Mary turned sharply at that order and peered at the woman now standing beside her with a man at her back. They were a young couple, the woman pretty with long brown hair pulled back into a ponytail, while the man had short, fair hair and a solemn expression. Mary had noticed them when she’d entered, but hadn’t noticed that they were wearing hospital greens. She did now, and felt relief as the woman smiled at her soothingly.

“Hello, I’m Dr. Jenson and this is my husband, Dr. Jenson. Why don’t you take us to your friend and we’ll see what we can do until the ambulance gets here.”

“Yes,” Mary said with relief and turned to lead them out of the restaurant, but as she pushed through the door, she explained, “He’s not a friend. I don’t know him. I just found him in the bedroom of the RV when I stopped here. I think I may have hit him. He’s bleeding badly.”

“What did you hit him with?” the man asked, his voice a deep baritone as they crossed the parking lot.

“The RV,” Mary answered, noting with relief that Bailey still sat where she’d left her. The dog was good about obeying orders, but the way things had been going—

“I’m not sure I understand,” the man said slowly. “You found him naked in the bedroom of the RV . . . and then what? Threw him out and ran him over?”

“What?” She glanced back with amazement. “No, of course not. I think I hit him with the RV and while I was out looking to see what I’d hit, he must have crawled into the RV. I didn’t find him until I got here.” Pausing at the RV, she opened the door, and hurried inside to lead the way back to the bedroom. She hadn’t really needed to, as everything was compact and a straight shot from front to back. In truth, Mary led the way because she wasn’t at all sure the man would still be there. She could hardly believe he’d been there to begin with and half suspected he’d been some kind of hallucination brought on by the stress of the trip or something.

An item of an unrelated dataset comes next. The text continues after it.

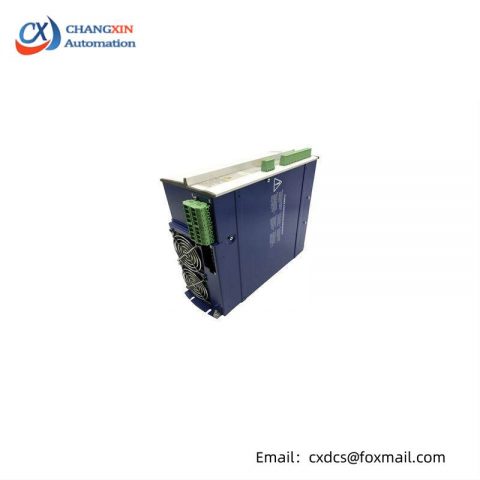 KOLLMORGEN BJRL-20012-110001 Custom Control Module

However, when she reached the open door of the small bedroom and moved up against the bed to peer over it, he was still there on the floor on the other side, broad shoulders wedged between the bed and wall, and butt hanging out into the bathroom, bare as the day he’d been born.

“Oh dear.”

Mary glanced around and realized she was blocking the way. Squeezing into the small cubby space between the bed and wall on this side to get out of the way, Mary glanced from the woman to the man on the floor and back before offering, “Maybe I should open the slide-out.”

“It might cause him injury,” the woman said, climbing onto the bed on her knees and starting across the surface to the other side.

“Lisa’s right,” the man said solemnly, taking Mary’s arm to urge her out of the cramped room. Even with her squeezed to the side, there wasn’t room for him to pass. Really, with the slides in, there wasn’t room to turn around in this section of the RV.

“Why don’t you go watch for the EMTs and let us see what we can do here first,” he suggested gently but firmly as he pulled her back toward the door.

Mary went willingly. In truth, she was happy to go. The sight of the man’s twisted body and all that blood was likely to give her nightmares as it was, and she certainly didn’t expect he’d survive. She didn’t want to bear witness to his death. It was bad enough that she may be the cause of it.

“Send the EMTs in when they get here,” the man instructed quietly as he stopped and leaned past her to open the RV door.

Mary merely nodded and descended the steps to the pavement. She heard the door close behind her and glanced back anxiously, then peered down at Bailey when the dog nosed her hand.

“It’ll be all right,” she murmured and gave the dog a pat, but wasn’t at all sure that was true. If the man in her bedroom was what she’d hit with the RV, and he died as she feared—that was vehicular homicide, wasn’t it? Or did there have to be intent to be homicide? Perhaps it was manslaughter or something. She had no idea, but it was something.